§ Aim of the task
Transcribe only the part of the material below that begins at the line containing "About - Installation" and ends at the line containing "Accent Table/Lanport A4000236", with both kept and images left out.

§ Material provided
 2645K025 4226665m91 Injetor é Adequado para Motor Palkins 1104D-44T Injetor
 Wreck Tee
---
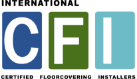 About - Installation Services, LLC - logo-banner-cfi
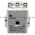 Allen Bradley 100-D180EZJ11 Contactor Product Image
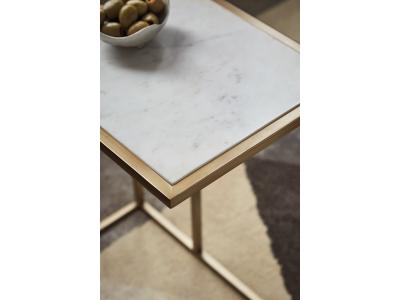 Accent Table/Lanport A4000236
---
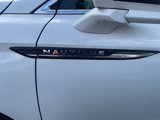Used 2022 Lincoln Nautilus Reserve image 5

§ Reply
 About - Installation Services, LLC - logo-banner-cfi
 Allen Bradley 100-D180EZJ11 Contactor Product Image
 Accent Table/Lanport A4000236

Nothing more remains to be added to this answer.